* **Problem requirements**:
Repeat exactly the lines of the records below, starting at the line containing "Mini Girls Orange Shell Elastic Top Bikini" and ending at the line containing "fauteuil de relaxation". Leave the pictures out.

* **Available data**:
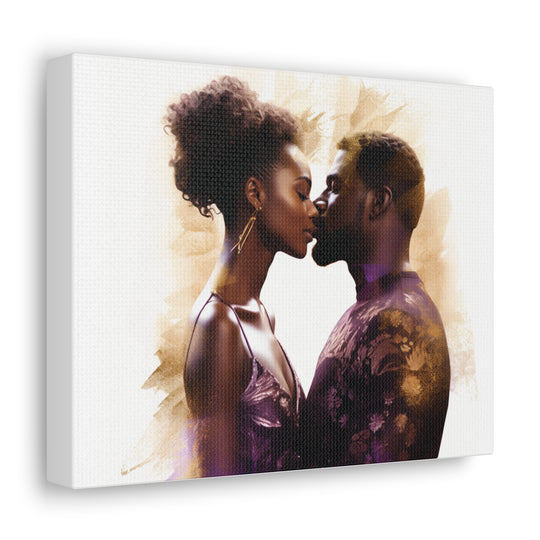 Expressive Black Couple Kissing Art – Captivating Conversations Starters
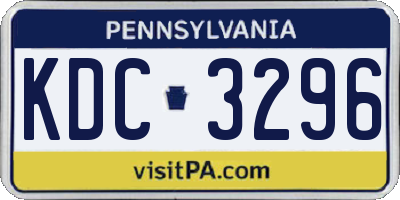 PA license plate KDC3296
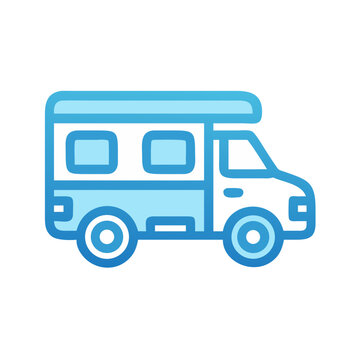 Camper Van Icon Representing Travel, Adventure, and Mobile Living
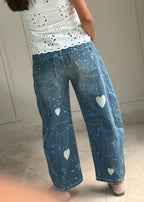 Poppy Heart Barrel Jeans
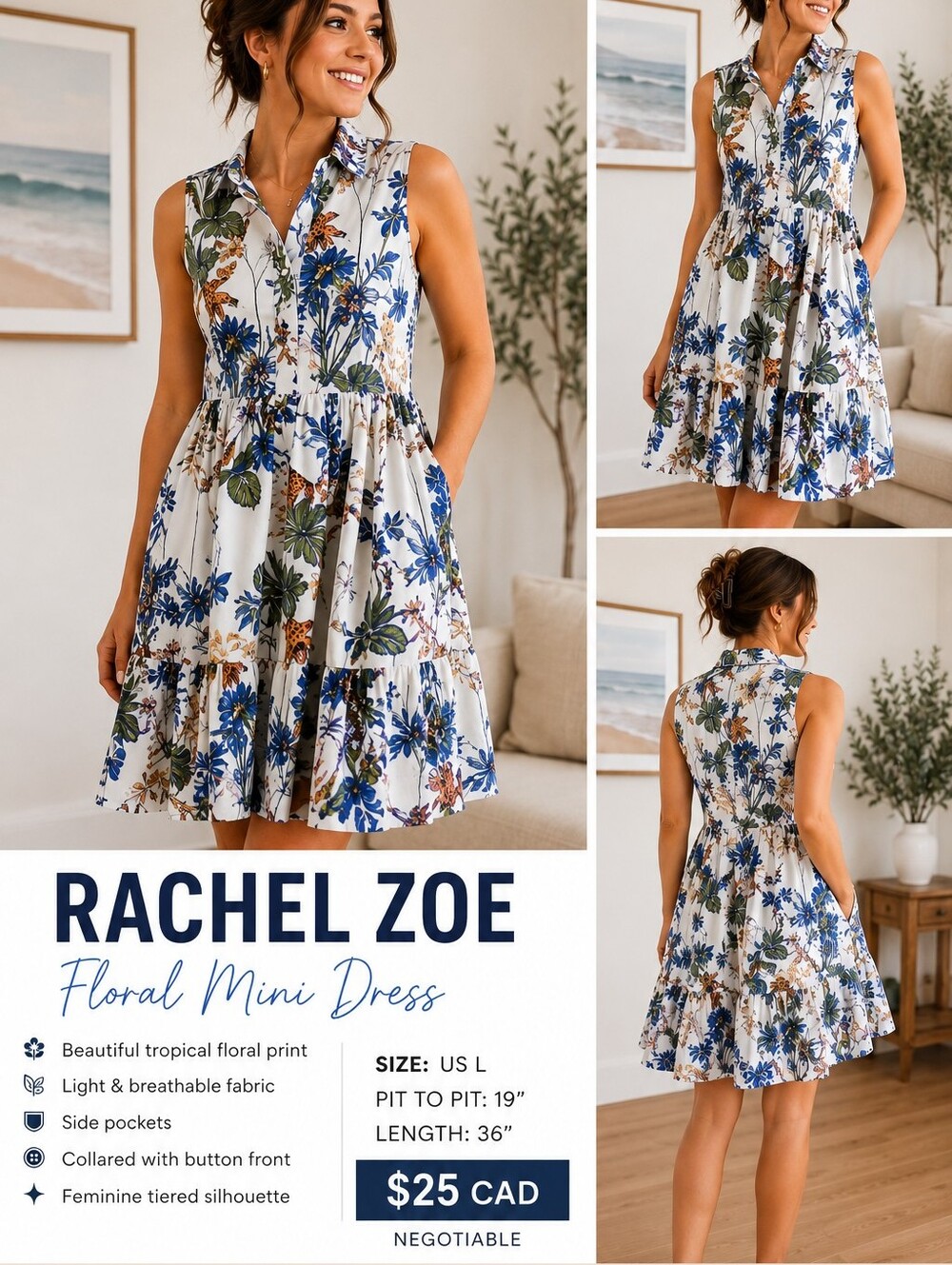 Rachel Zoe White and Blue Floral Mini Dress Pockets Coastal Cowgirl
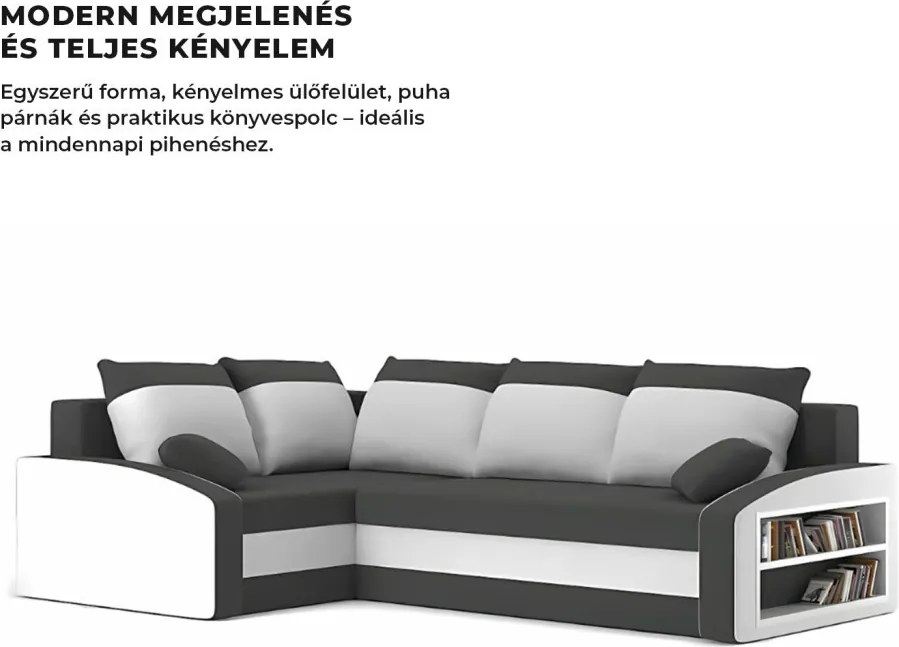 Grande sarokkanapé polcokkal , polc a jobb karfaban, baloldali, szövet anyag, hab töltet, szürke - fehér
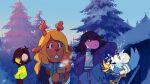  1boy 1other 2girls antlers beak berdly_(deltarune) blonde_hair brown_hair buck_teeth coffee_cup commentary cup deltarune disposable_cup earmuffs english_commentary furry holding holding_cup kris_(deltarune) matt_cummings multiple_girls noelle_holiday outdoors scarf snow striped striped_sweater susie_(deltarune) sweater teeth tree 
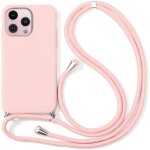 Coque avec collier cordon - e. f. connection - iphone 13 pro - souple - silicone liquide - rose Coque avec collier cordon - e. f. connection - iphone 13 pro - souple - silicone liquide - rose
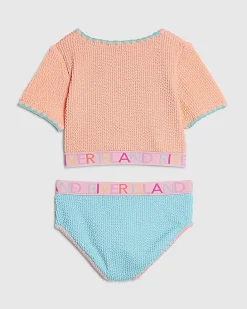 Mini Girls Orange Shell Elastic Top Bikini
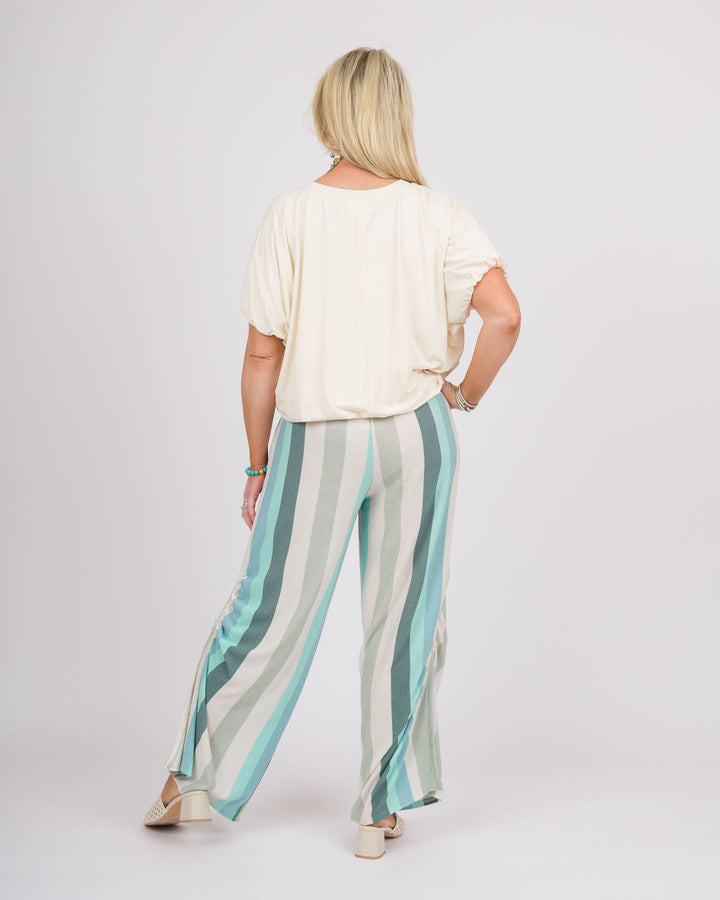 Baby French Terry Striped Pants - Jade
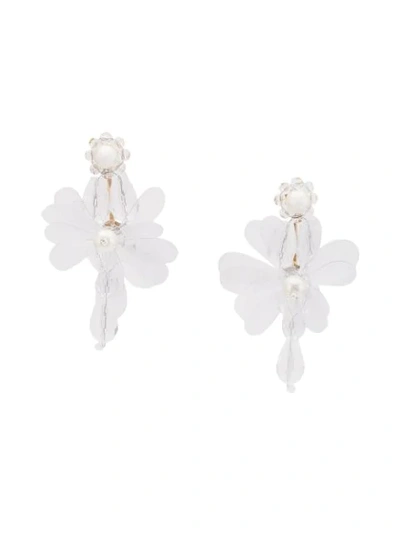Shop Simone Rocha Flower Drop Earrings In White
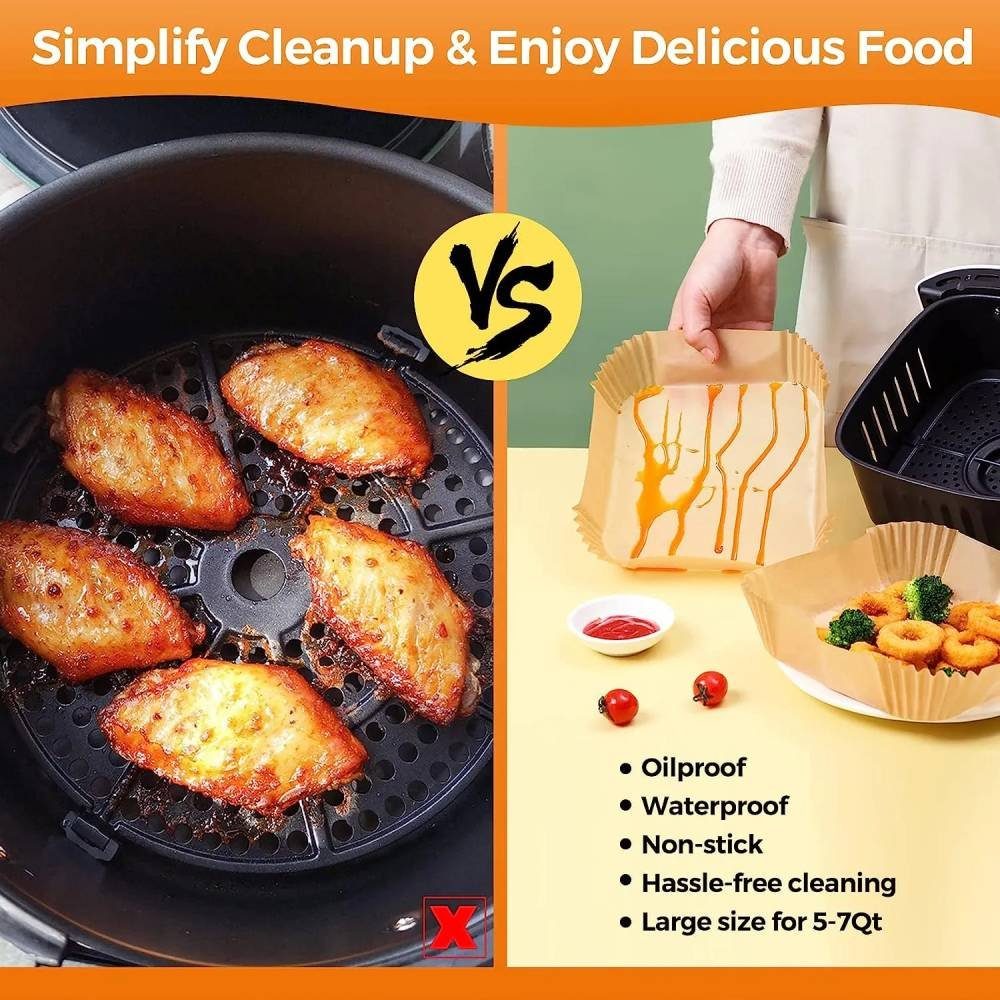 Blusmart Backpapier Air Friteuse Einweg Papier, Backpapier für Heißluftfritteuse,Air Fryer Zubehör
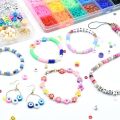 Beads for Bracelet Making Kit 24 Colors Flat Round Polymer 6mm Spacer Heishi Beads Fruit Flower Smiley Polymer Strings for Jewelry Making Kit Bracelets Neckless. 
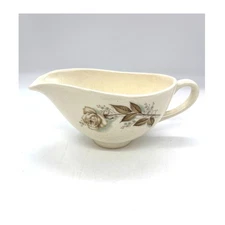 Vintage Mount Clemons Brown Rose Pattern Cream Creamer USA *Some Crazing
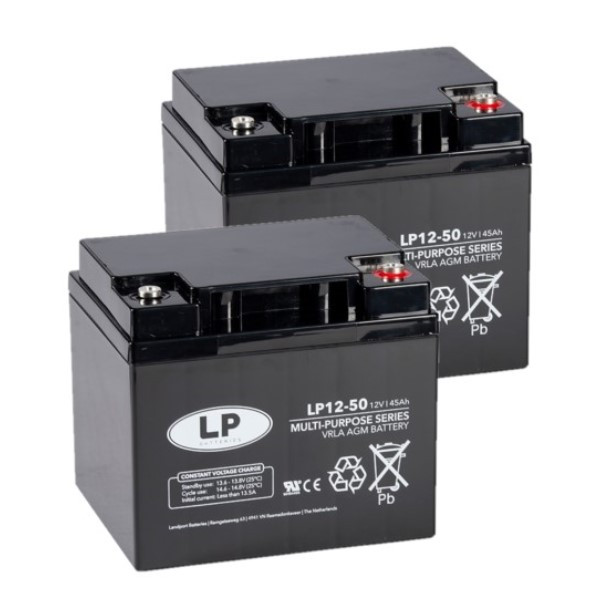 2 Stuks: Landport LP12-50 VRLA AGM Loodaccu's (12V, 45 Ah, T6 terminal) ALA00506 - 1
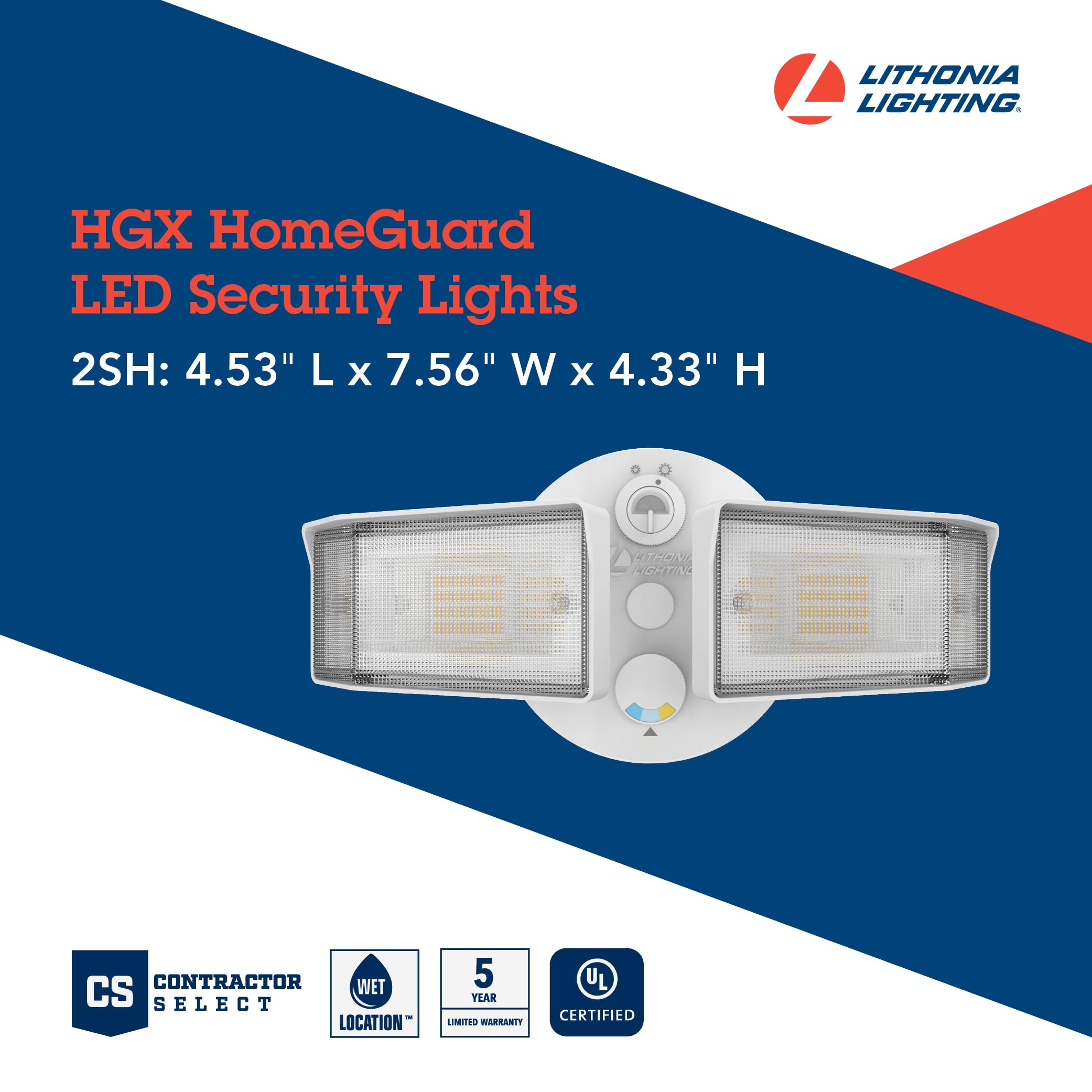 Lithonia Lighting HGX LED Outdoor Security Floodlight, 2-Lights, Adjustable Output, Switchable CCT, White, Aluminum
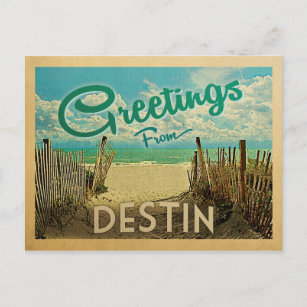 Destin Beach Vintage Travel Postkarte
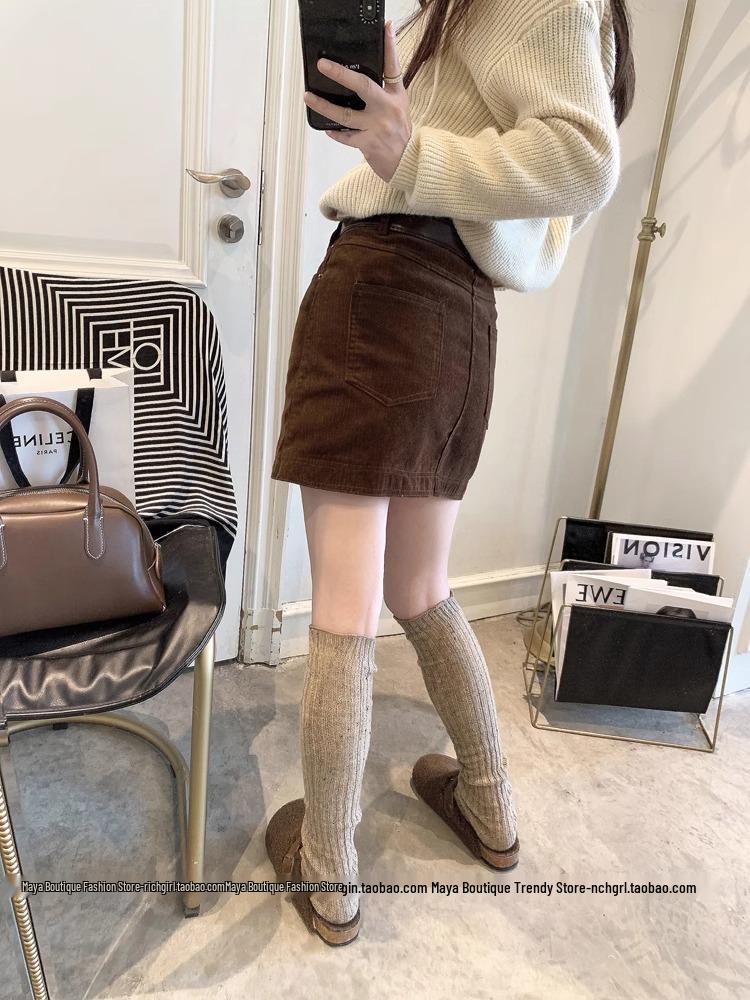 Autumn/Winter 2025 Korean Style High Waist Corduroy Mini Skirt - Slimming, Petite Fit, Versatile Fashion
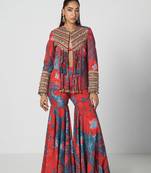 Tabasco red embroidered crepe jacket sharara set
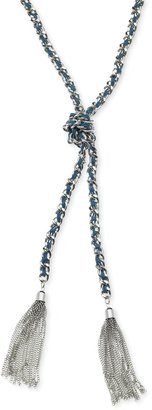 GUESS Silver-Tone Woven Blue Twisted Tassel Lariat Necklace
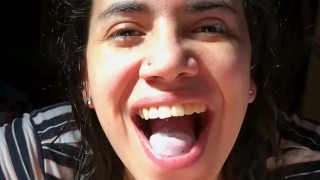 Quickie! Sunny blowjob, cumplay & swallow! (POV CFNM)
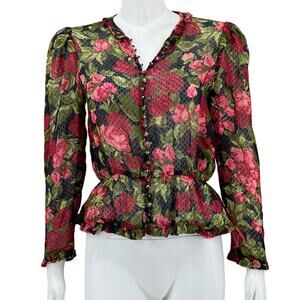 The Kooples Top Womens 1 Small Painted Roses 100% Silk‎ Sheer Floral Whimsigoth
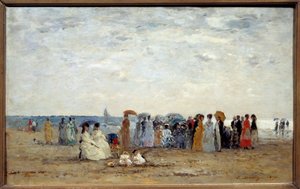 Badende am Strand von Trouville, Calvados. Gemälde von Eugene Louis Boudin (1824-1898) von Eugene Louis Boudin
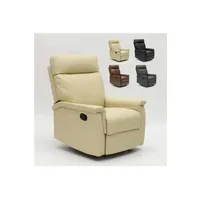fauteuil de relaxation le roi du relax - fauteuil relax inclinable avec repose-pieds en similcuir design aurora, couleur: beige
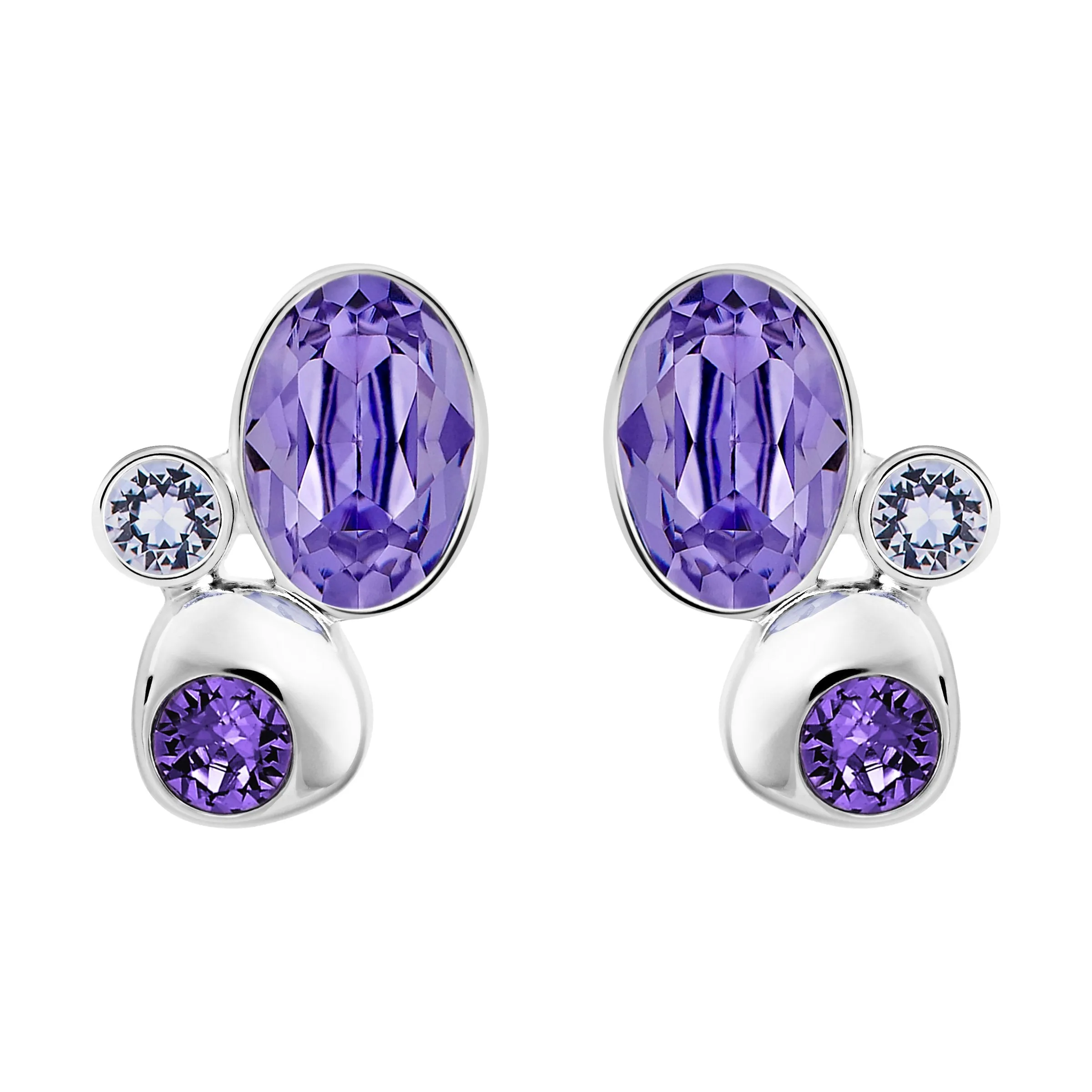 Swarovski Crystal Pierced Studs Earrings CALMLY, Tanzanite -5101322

* **Answer to the exercise**:
 Mini Girls Orange Shell Elastic Top Bikini
 Baby French Terry Striped Pants - Jade
Shop Simone Rocha Flower Drop Earrings In White
 Blusmart Backpapier Air Friteuse Einweg Papier, Backpapier für Heißluftfritteuse,Air Fryer Zubehör
 Beads for Bracelet Making Kit 24 Colors Flat Round Polymer 6mm Spacer Heishi Beads Fruit Flower Smiley Polymer Strings for Jewelry Making Kit Bracelets Neckless. 
 Vintage Mount Clemons Brown Rose Pattern Cream Creamer USA *Some Crazing
 2 Stuks: Landport LP12-50 VRLA AGM Loodaccu's (12V, 45 Ah, T6 terminal) ALA00506 - 1
 Lithonia Lighting HGX LED Outdoor Security Floodlight, 2-Lights, Adjustable Output, Switchable CCT, White, Aluminum
 Destin Beach Vintage Travel Postkarte
 Autumn/Winter 2025 Korean Style High Waist Corduroy Mini Skirt - Slimming, Petite Fit, Versatile Fashion
 Tabasco red embroidered crepe jacket sharara set
 GUESS Silver-Tone Woven Blue Twisted Tassel Lariat Necklace
 Quickie! Sunny blowjob, cumplay & swallow! (POV CFNM)
 The Kooples Top Womens 1 Small Painted Roses 100% Silk‎ Sheer Floral Whimsigoth
 Badende am Strand von Trouville, Calvados. Gemälde von Eugene Louis Boudin (1824-1898) von Eugene Louis Boudin
fauteuil de relaxation le roi du relax - fauteuil relax inclinable avec repose-pieds en similcuir design aurora, couleur: beige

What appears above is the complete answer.